══ Data for processing ══

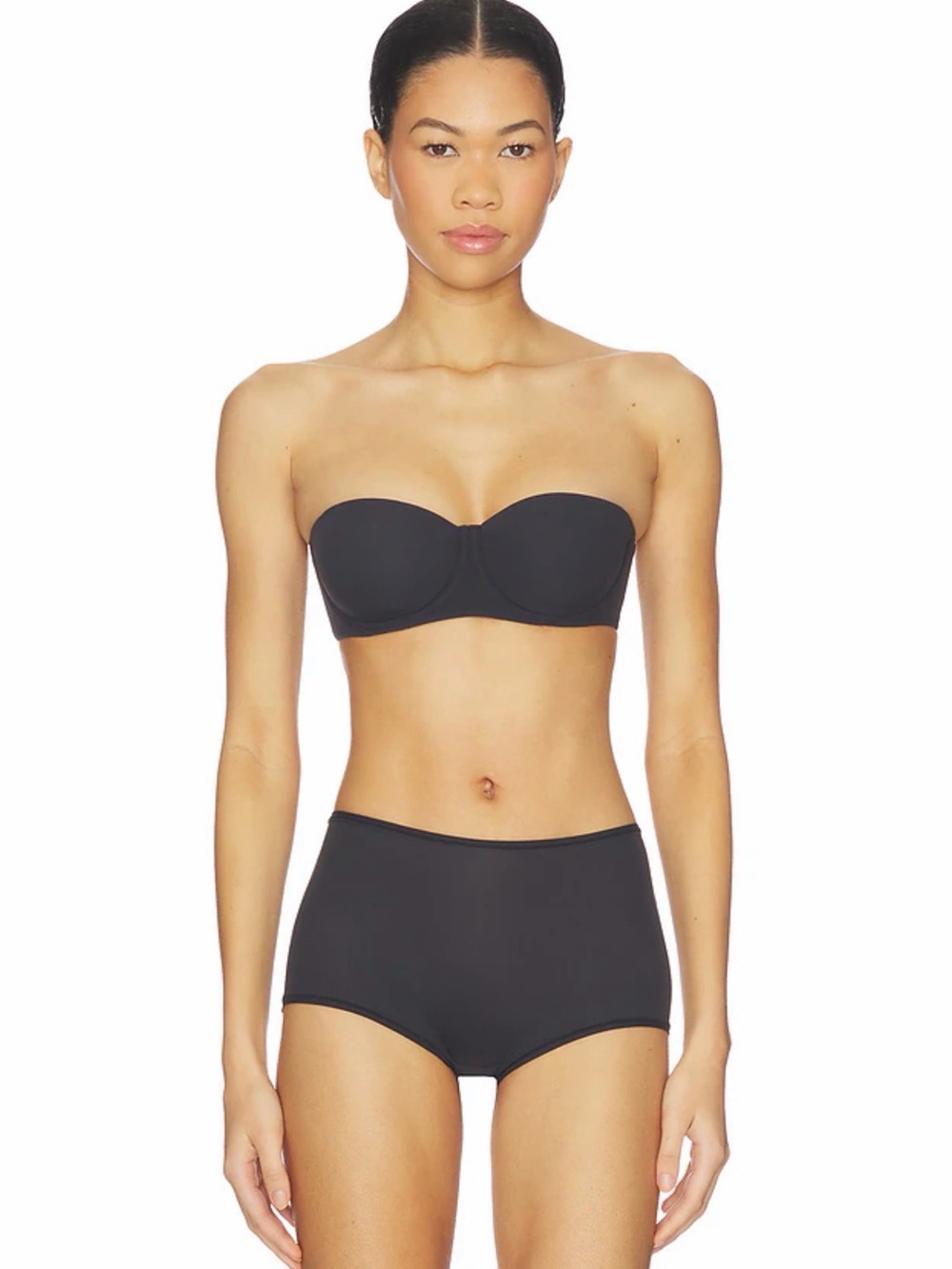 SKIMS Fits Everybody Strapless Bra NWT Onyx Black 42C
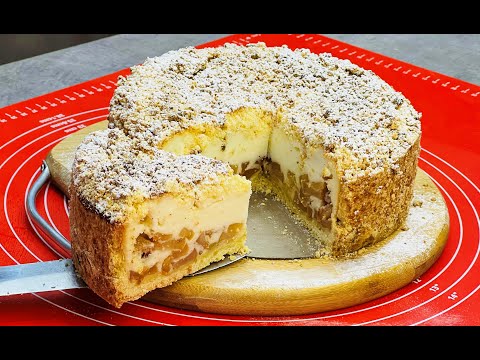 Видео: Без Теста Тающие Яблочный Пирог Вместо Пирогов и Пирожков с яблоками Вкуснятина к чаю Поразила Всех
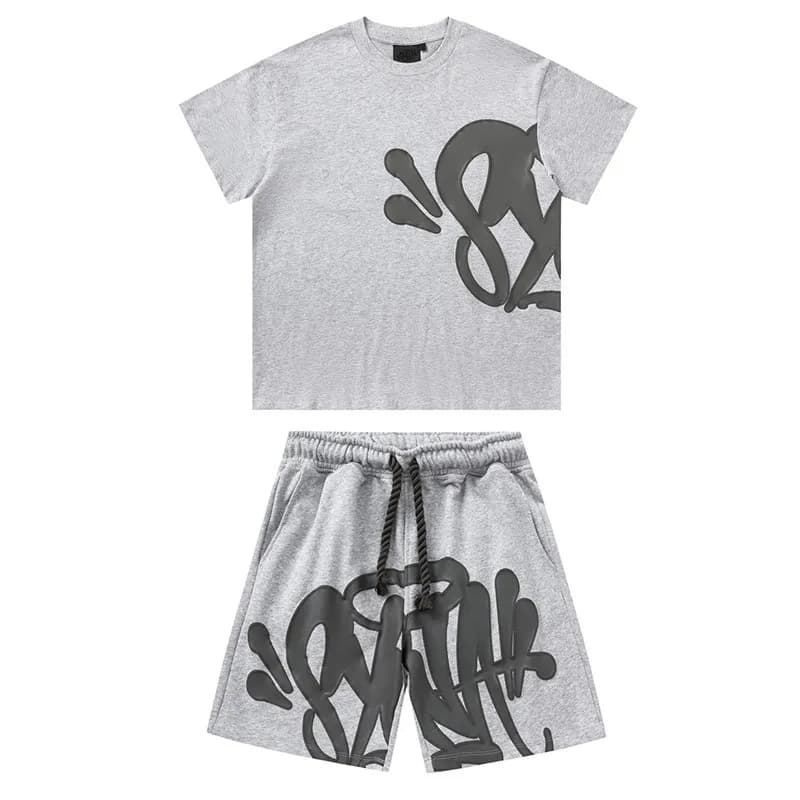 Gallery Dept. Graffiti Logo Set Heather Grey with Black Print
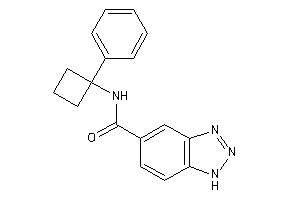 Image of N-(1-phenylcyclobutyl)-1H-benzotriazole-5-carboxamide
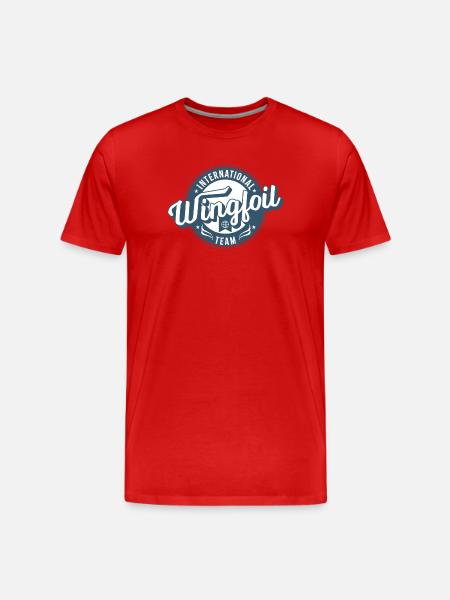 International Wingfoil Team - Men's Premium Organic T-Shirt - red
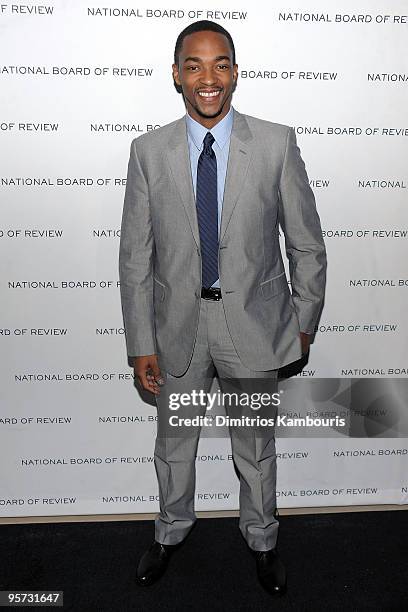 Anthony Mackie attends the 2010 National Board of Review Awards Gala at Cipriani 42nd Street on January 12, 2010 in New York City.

═══
══ Data for processing ══

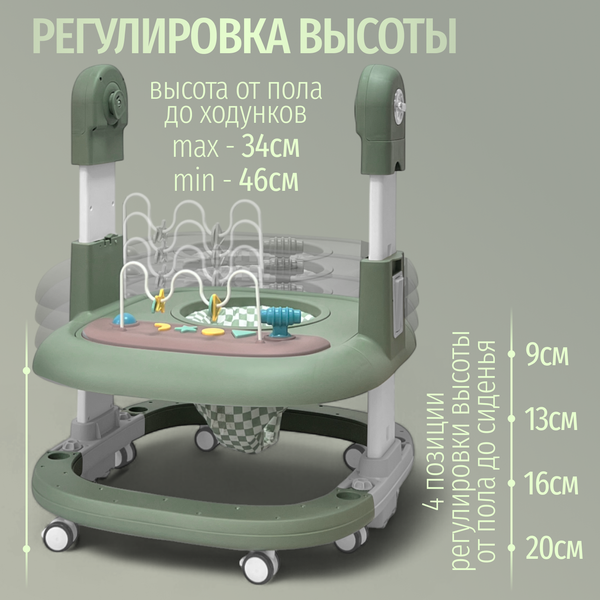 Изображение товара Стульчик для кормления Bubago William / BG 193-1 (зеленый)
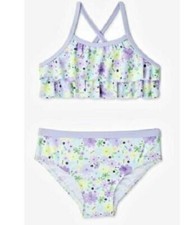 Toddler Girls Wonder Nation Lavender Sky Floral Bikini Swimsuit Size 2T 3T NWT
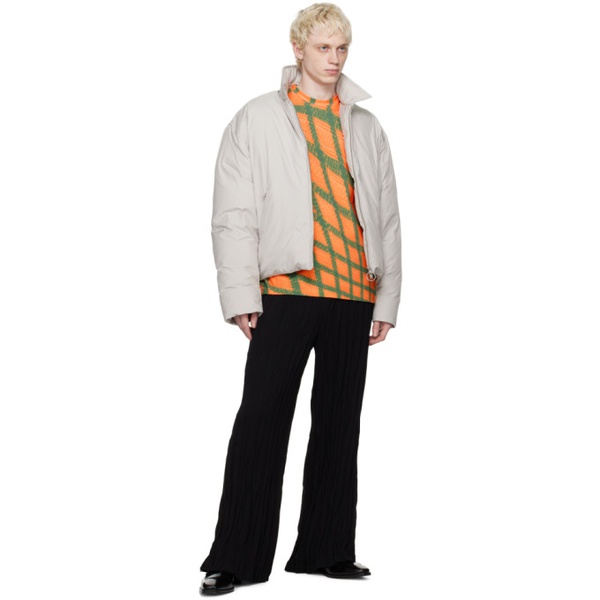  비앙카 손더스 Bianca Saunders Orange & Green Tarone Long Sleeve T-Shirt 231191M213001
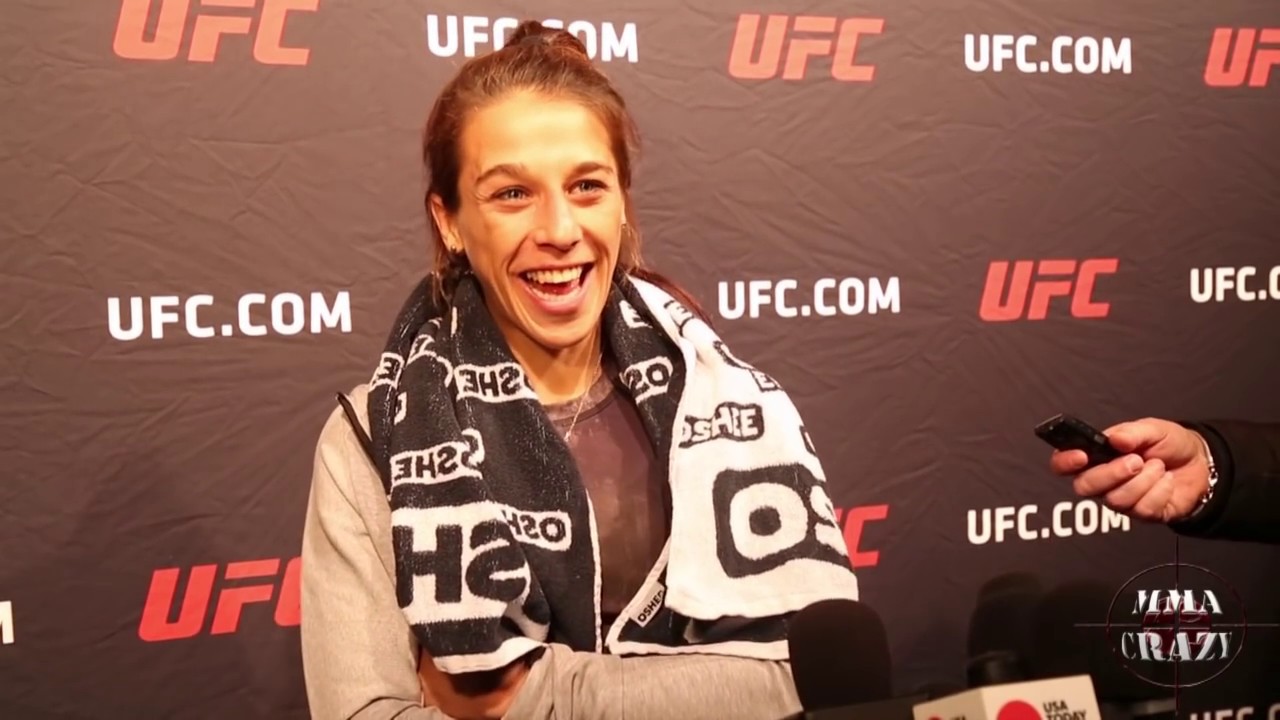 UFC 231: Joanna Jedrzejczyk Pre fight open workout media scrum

═══
══ Data for processing ══

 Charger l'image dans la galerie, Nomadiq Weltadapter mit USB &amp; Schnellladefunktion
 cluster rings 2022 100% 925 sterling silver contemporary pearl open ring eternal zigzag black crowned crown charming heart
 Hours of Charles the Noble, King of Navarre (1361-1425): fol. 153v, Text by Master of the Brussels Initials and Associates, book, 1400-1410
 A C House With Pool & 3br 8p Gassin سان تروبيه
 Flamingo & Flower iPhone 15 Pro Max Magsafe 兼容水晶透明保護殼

═══

Required action -
Output exactly the stretch of the listing that begins at the line containing "Видео: Без Теста" and ends at the line containing "International Wingfoil Team", both kept. Omit pictures and everything else.

Problem solution -
 Видео: Без Теста Тающие Яблочный Пирог Вместо Пирогов и Пирожков с яблоками Вкуснятина к чаю Поразила Всех
 Gallery Dept. Graffiti Logo Set Heather Grey with Black Print
 Image of N-(1-phenylcyclobutyl)-1H-benzotriazole-5-carboxamide
 International Wingfoil Team - Men's Premium Organic T-Shirt - red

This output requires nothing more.